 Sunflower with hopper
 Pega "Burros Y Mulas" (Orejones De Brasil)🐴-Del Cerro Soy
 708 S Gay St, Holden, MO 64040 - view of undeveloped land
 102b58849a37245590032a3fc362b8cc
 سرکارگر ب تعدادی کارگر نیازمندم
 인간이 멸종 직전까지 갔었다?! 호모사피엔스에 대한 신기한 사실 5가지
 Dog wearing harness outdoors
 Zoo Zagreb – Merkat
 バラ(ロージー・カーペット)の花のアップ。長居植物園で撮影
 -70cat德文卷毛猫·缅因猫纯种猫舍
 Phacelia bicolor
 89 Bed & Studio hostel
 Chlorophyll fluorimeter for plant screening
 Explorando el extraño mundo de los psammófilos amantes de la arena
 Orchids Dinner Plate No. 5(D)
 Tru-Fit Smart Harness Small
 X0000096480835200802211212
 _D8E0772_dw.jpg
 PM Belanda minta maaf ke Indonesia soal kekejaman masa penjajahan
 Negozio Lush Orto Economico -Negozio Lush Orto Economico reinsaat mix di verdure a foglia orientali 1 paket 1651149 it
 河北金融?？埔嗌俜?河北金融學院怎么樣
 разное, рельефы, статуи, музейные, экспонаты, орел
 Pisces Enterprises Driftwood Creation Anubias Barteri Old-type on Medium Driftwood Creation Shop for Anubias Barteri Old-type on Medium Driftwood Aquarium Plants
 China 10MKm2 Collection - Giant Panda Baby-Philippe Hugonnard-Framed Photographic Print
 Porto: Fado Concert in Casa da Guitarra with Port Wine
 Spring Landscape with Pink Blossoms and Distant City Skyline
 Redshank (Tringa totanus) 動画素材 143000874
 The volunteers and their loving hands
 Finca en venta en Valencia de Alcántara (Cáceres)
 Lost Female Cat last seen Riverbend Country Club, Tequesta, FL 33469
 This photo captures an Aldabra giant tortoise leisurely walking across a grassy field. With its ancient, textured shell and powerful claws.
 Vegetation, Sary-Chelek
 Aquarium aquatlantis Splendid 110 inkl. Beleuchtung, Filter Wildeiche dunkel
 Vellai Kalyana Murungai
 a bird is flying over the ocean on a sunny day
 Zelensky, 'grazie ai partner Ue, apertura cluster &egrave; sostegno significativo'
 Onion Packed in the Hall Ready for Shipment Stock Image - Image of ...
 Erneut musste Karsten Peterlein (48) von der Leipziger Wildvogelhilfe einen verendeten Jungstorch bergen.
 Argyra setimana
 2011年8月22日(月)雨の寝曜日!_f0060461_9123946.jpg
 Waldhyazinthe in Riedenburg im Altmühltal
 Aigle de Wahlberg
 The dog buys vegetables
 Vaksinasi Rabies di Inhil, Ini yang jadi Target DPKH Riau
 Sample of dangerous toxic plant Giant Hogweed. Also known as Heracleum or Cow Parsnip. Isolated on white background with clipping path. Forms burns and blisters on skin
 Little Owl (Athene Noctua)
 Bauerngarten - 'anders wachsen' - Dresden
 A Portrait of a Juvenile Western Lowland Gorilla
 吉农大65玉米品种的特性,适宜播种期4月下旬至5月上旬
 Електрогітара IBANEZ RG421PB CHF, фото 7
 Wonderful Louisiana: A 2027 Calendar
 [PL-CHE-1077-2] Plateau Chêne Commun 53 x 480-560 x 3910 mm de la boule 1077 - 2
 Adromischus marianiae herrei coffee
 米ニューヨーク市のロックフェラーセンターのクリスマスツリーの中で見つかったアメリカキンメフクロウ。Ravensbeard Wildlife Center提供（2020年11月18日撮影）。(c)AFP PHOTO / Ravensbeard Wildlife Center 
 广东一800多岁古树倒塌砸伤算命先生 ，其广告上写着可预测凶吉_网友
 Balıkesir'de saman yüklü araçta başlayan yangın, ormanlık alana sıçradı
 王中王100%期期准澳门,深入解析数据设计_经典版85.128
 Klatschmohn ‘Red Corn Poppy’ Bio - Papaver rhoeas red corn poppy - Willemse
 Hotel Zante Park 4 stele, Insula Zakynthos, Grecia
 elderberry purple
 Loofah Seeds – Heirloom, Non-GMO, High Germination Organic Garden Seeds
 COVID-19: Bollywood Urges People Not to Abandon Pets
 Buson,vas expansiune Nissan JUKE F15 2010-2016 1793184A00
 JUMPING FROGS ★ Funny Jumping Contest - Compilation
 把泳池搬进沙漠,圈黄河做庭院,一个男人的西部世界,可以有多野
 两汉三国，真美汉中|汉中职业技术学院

----

• **TO DO**
Please give back, exactly as it stands above, the stretch from the line with "Tru-Fit Smart Harness Small" through the line with "Aigle de Wahlberg", and no line outside it.

• **RESULT OF THE EXERCISE**
 Tru-Fit Smart Harness Small
 X0000096480835200802211212
 _D8E0772_dw.jpg
 PM Belanda minta maaf ke Indonesia soal kekejaman masa penjajahan
 Negozio Lush Orto Economico -Negozio Lush Orto Economico reinsaat mix di verdure a foglia orientali 1 paket 1651149 it
 河北金融?？埔嗌俜?河北金融學院怎么樣
 разное, рельефы, статуи, музейные, экспонаты, орел
 Pisces Enterprises Driftwood Creation Anubias Barteri Old-type on Medium Driftwood Creation Shop for Anubias Barteri Old-type on Medium Driftwood Aquarium Plants
 China 10MKm2 Collection - Giant Panda Baby-Philippe Hugonnard-Framed Photographic Print
 Porto: Fado Concert in Casa da Guitarra with Port Wine
 Spring Landscape with Pink Blossoms and Distant City Skyline
 Redshank (Tringa totanus) 動画素材 143000874
 The volunteers and their loving hands
 Finca en venta en Valencia de Alcántara (Cáceres)
 Lost Female Cat last seen Riverbend Country Club, Tequesta, FL 33469
 This photo captures an Aldabra giant tortoise leisurely walking across a grassy field. With its ancient, textured shell and powerful claws.
 Vegetation, Sary-Chelek
 Aquarium aquatlantis Splendid 110 inkl. Beleuchtung, Filter Wildeiche dunkel
 Vellai Kalyana Murungai
 a bird is flying over the ocean on a sunny day
 Zelensky, 'grazie ai partner Ue, apertura cluster &egrave; sostegno significativo'
 Onion Packed in the Hall Ready for Shipment Stock Image - Image of ...
 Erneut musste Karsten Peterlein (48) von der Leipziger Wildvogelhilfe einen verendeten Jungstorch bergen.
 Argyra setimana
 2011年8月22日(月)雨の寝曜日!_f0060461_9123946.jpg
 Waldhyazinthe in Riedenburg im Altmühltal
 Aigle de Wahlberg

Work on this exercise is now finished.